**Material provided:**

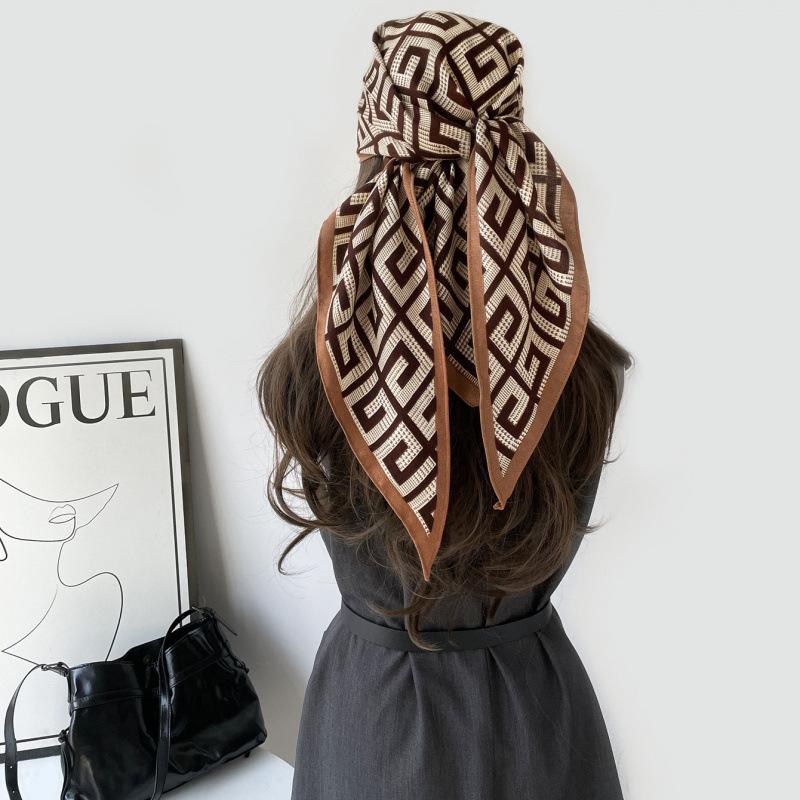 140X85X63cm Vintage Print Triangle Scarf Silk Feel Scarves Headband Neck Wrap Waist Belt Shoulder Shawl for Women Daily Outfit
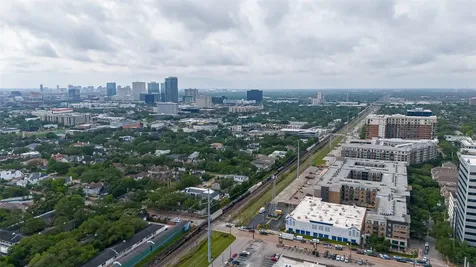 5 Briar Dale Court Houston TX 77027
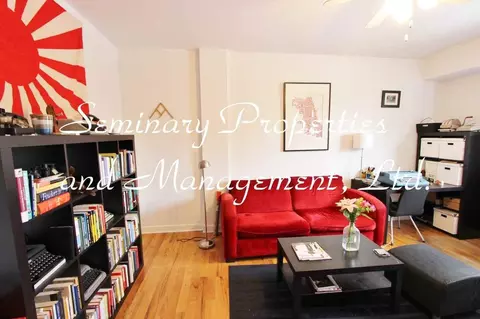 936 W Sunnyside Ave, Chicago, IL 60640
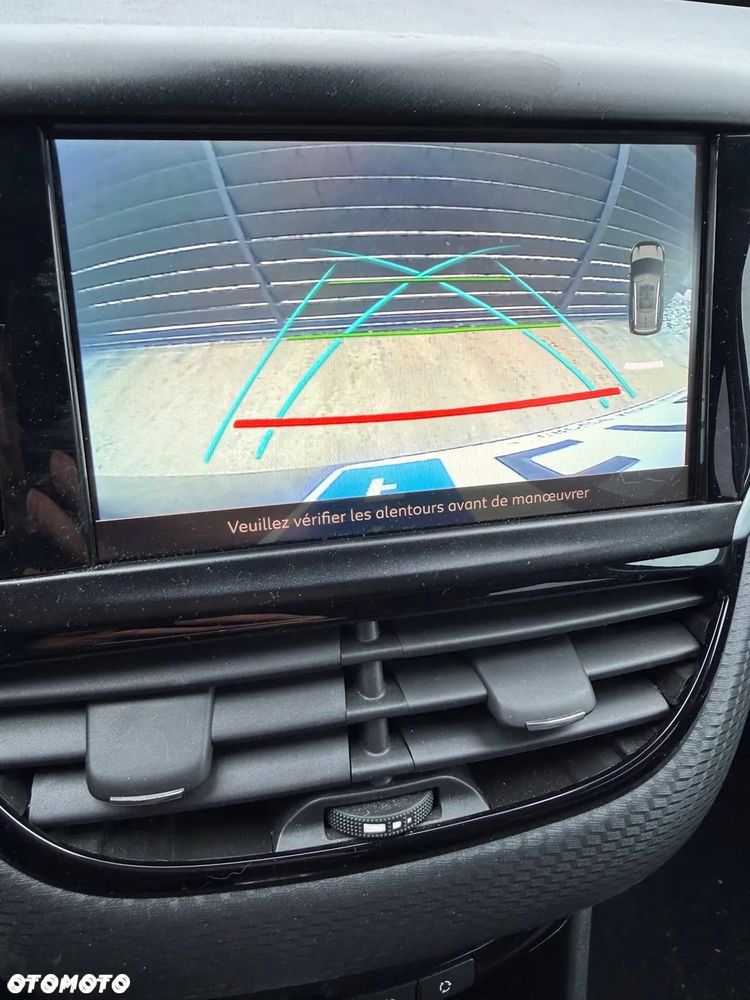 Peugeot 2008 PureTech 130 EAT8 GT Pack - 19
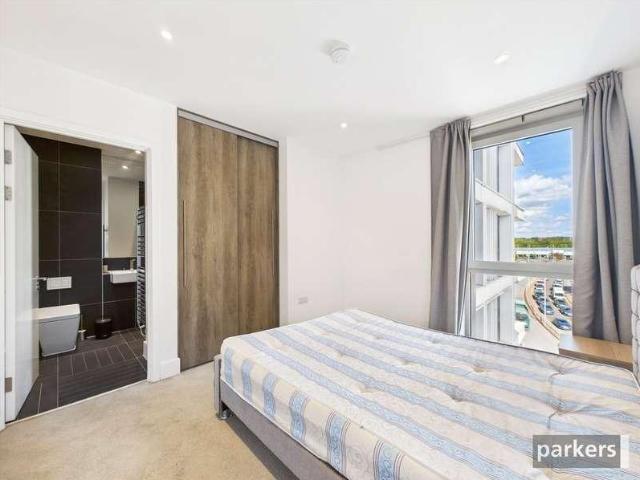 Flat for sale in Newtown, Reading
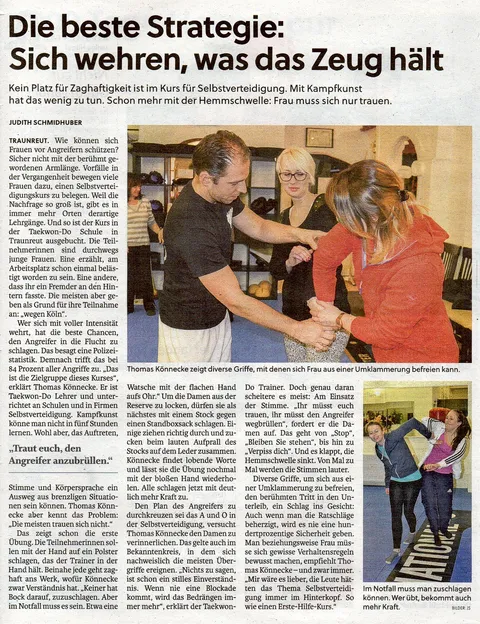 Zeitungsausschnitt "Die beste Strategie: Sich wehren, was das Zeug hält" mit zwei Fotos von Thomas Könnecke, der Teilnehmerinnen Selbstverteidigungsgriffe und Schläge zeigt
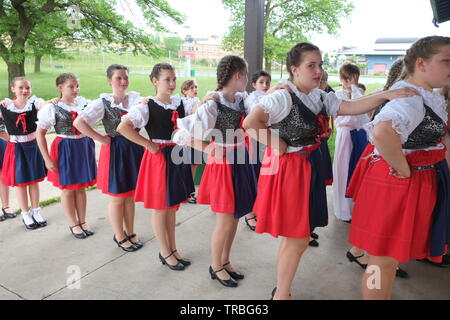 Junge Frauen, die im traditionellen Folk Kleider, für Leistung vorbereiten Stockfoto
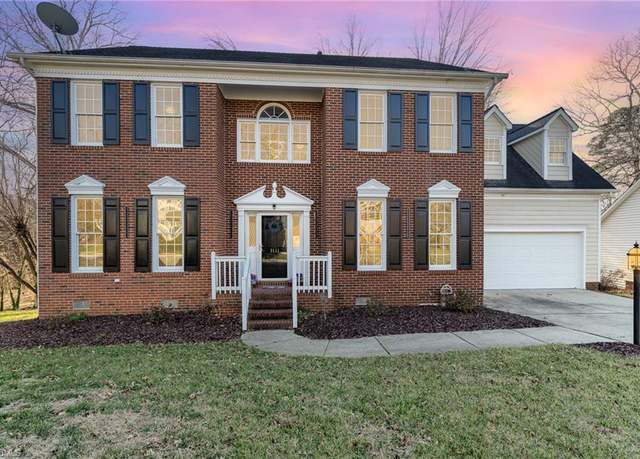 Property at 3111 Peninsula Dr, Jamestown, NC 27282, 5 beds, 2.5 baths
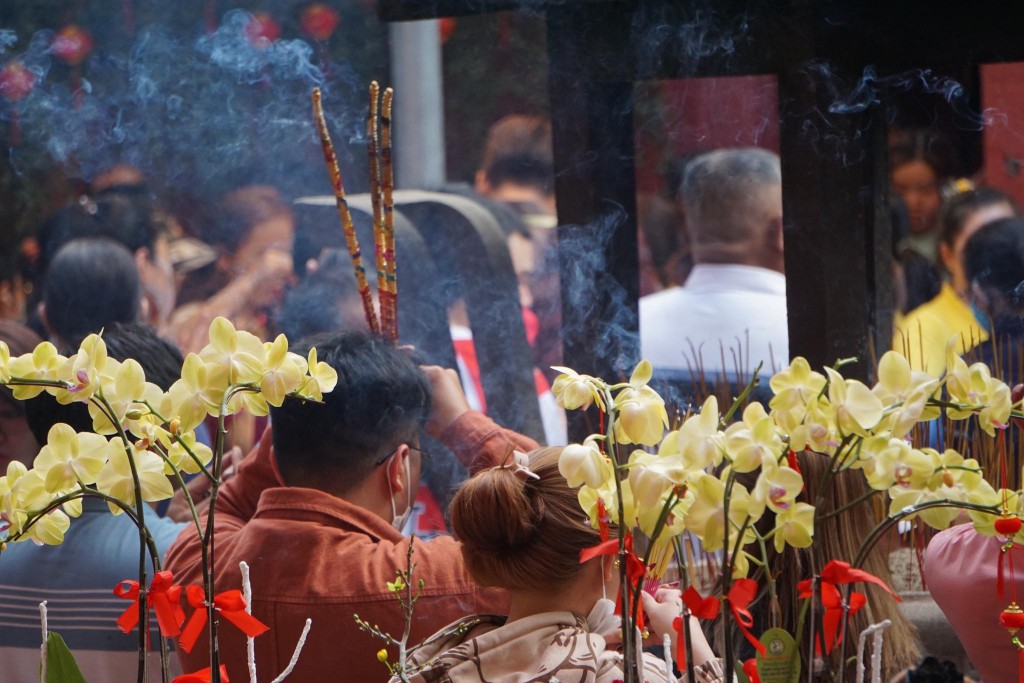 Hàng nghìn người dân TP.HCM đến chùa Ngọc Hoàng cầu bình an đầu năm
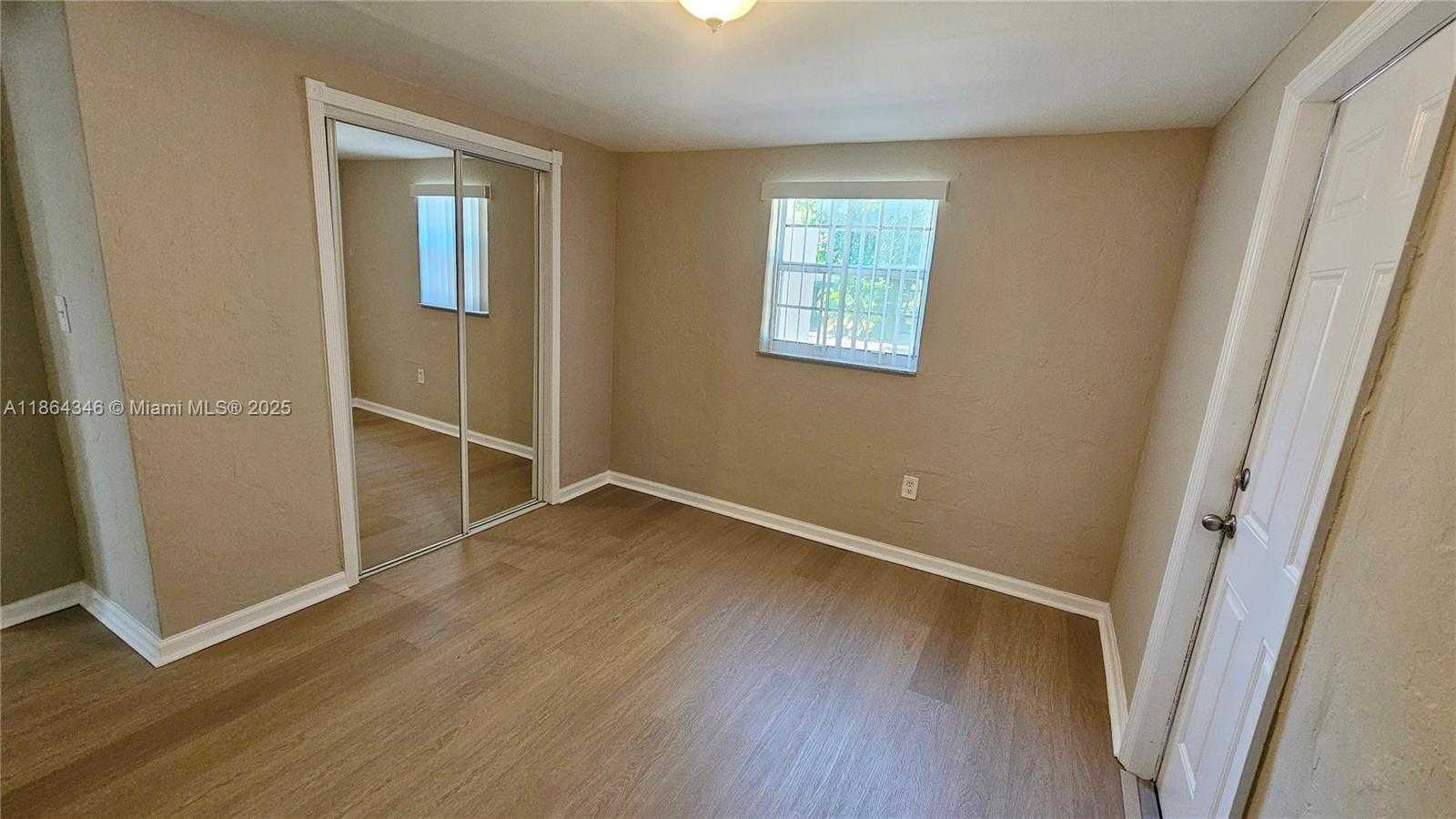 Small Image of 453 EAST 61ST ST, Hialeah Number 19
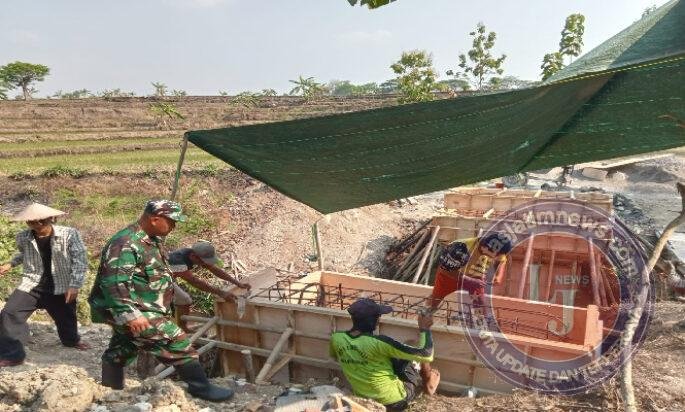 Penghubung Kedungwaduk–Pengkok Terus Dibangun, Warga Nantikan Jembatan Beton Rampung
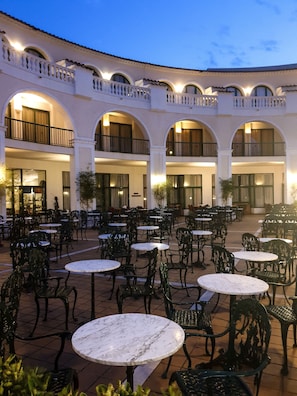 Bar (trong khuôn viên)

**Problem statement:** Every line from the one with "Hàng nghìn người" through the last line of the data must be copied exactly. Leave the pictures out.

**Output:**
 Hàng nghìn người dân TP.HCM đến chùa Ngọc Hoàng cầu bình an đầu năm
 Small Image of 453 EAST 61ST ST, Hialeah Number 19
 Penghubung Kedungwaduk–Pengkok Terus Dibangun, Warga Nantikan Jembatan Beton Rampung
 Bar (trong khuôn viên)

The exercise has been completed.